━━━ SUPPLIED ENTRIES
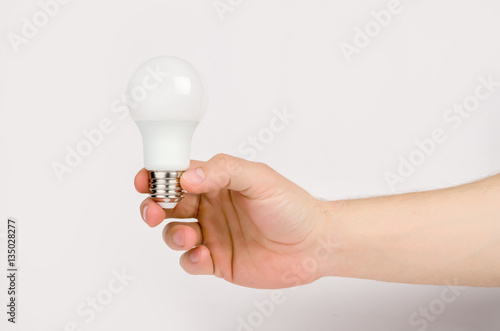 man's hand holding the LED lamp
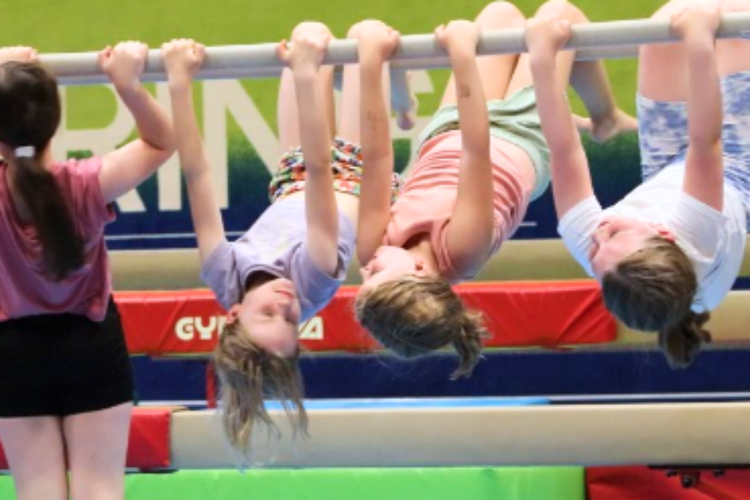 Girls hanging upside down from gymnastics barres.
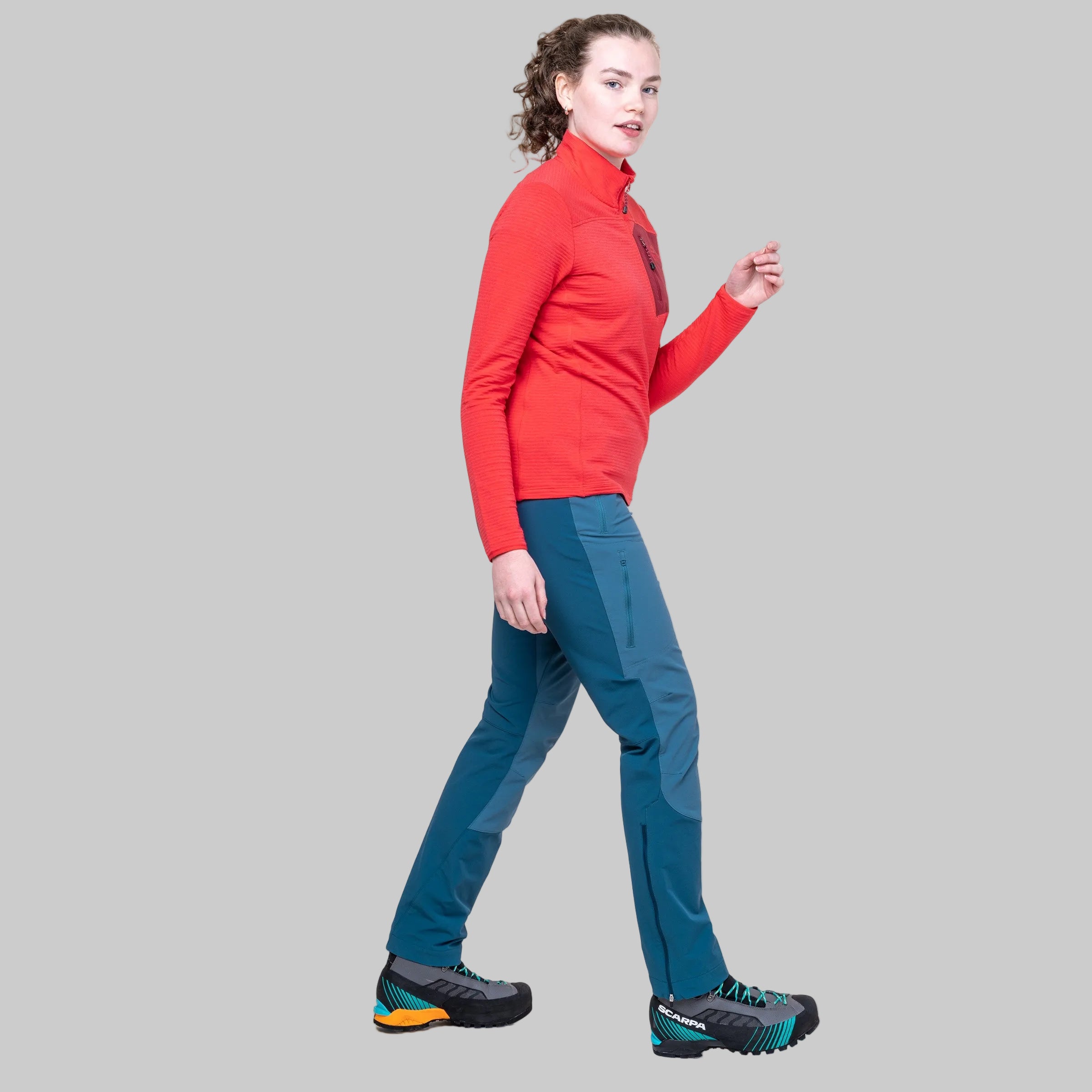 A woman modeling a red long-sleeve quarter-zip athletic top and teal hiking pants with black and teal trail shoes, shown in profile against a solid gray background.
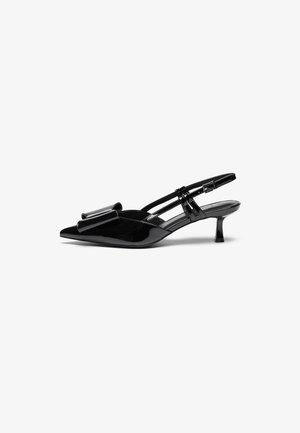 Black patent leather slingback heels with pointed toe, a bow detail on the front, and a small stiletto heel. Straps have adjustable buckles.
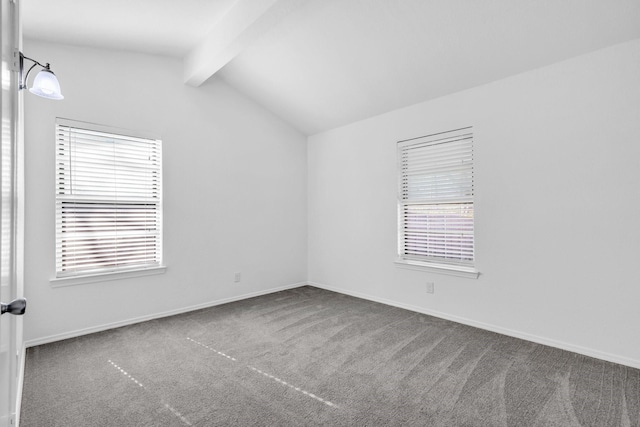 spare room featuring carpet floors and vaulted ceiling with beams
━━━━━━
=== YOUR TASK ===
Take the line that contains "Girls hanging upside" and every line after it down to the last line of the entries above, and output them exactly, with nothing else and no pictures.

=== TASK SOLUTION ===
 Girls hanging upside down from gymnastics barres.
 A woman modeling a red long-sleeve quarter-zip athletic top and teal hiking pants with black and teal trail shoes, shown in profile against a solid gray background.
 Black patent leather slingback heels with pointed toe, a bow detail on the front, and a small stiletto heel. Straps have adjustable buckles.
 spare room featuring carpet floors and vaulted ceiling with beams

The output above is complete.